**PROBLEM**
Starting at the line below with "Hyundai i30 II" and stopping at the line with "Steve Madden Black Lace Up Platform Boots", please print each line exactly, those two included, and skip every picture.

**DATA PROVIDED**
▶

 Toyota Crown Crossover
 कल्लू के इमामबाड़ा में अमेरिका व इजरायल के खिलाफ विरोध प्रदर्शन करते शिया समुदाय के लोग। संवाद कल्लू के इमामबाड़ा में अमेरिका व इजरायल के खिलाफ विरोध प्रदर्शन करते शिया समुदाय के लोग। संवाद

◀
▶

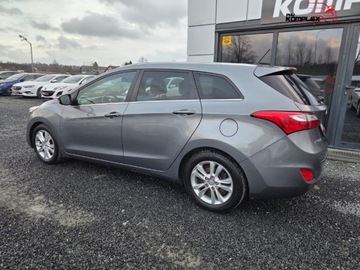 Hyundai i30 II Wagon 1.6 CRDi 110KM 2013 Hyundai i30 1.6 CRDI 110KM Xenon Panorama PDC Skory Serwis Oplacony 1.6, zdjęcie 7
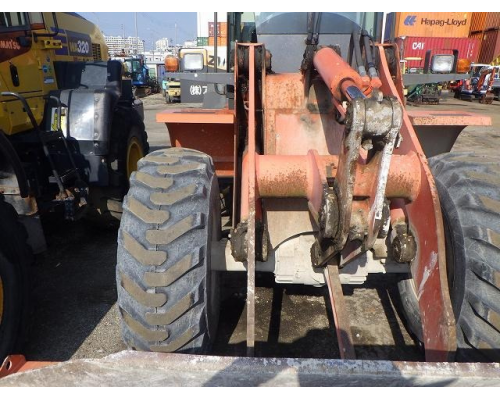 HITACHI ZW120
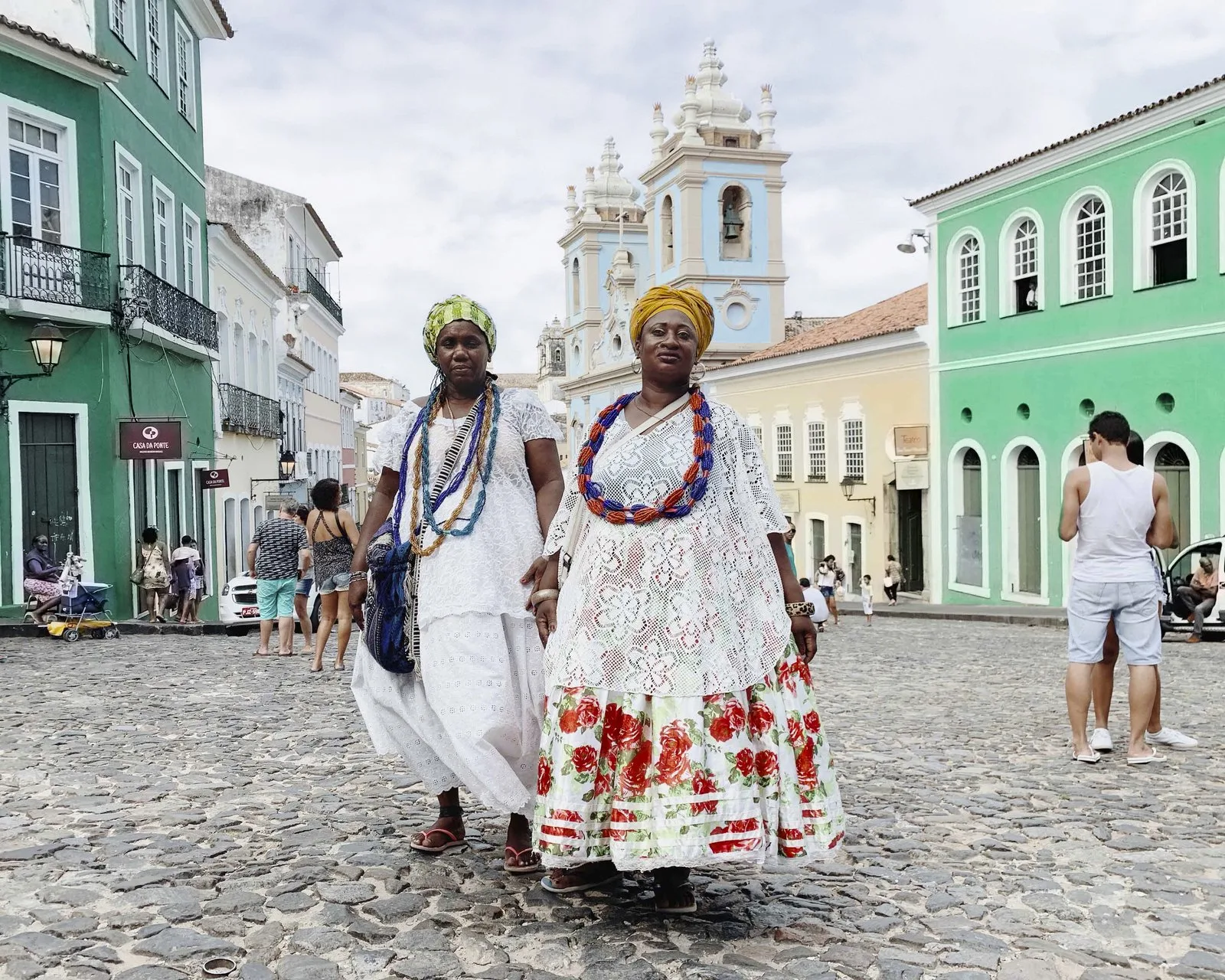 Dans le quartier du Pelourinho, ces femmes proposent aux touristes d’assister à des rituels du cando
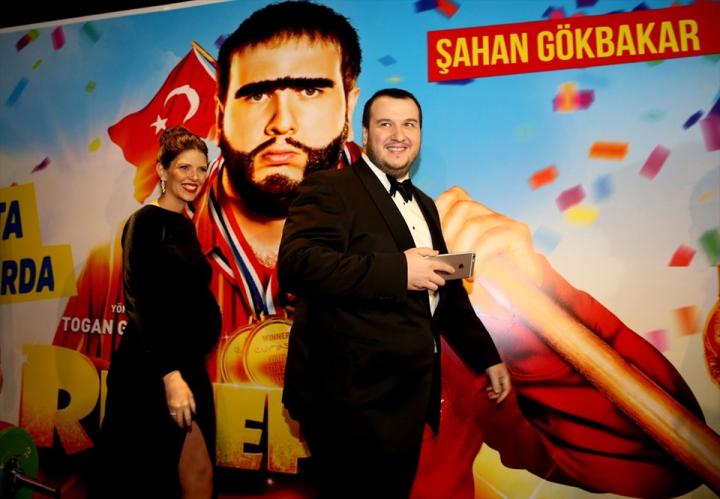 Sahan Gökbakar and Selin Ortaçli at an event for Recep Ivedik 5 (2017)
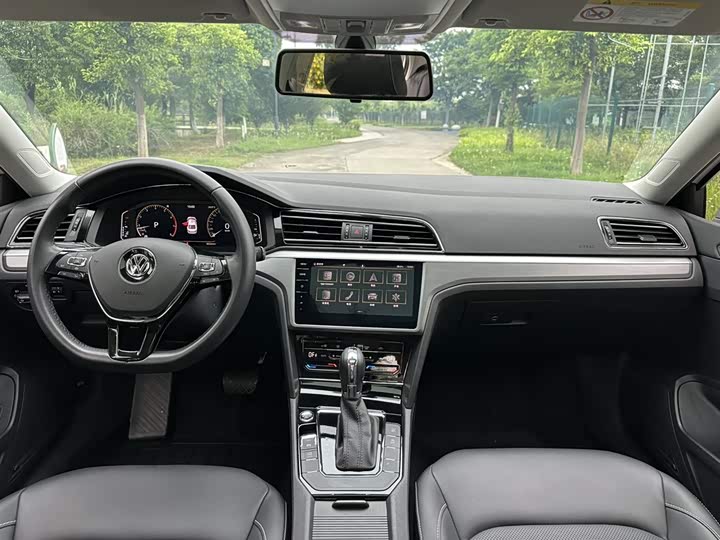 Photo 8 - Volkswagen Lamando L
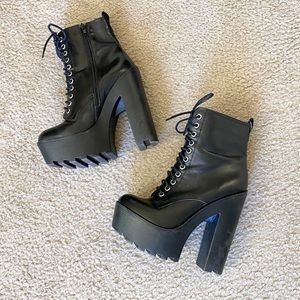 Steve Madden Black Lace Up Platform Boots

◀

**FINAL ANSWER**
 Hyundai i30 II Wagon 1.6 CRDi 110KM 2013 Hyundai i30 1.6 CRDI 110KM Xenon Panorama PDC Skory Serwis Oplacony 1.6, zdjęcie 7
 HITACHI ZW120
 Dans le quartier du Pelourinho, ces femmes proposent aux touristes d’assister à des rituels du cando
 Sahan Gökbakar and Selin Ortaçli at an event for Recep Ivedik 5 (2017)
 Photo 8 - Volkswagen Lamando L
 Steve Madden Black Lace Up Platform Boots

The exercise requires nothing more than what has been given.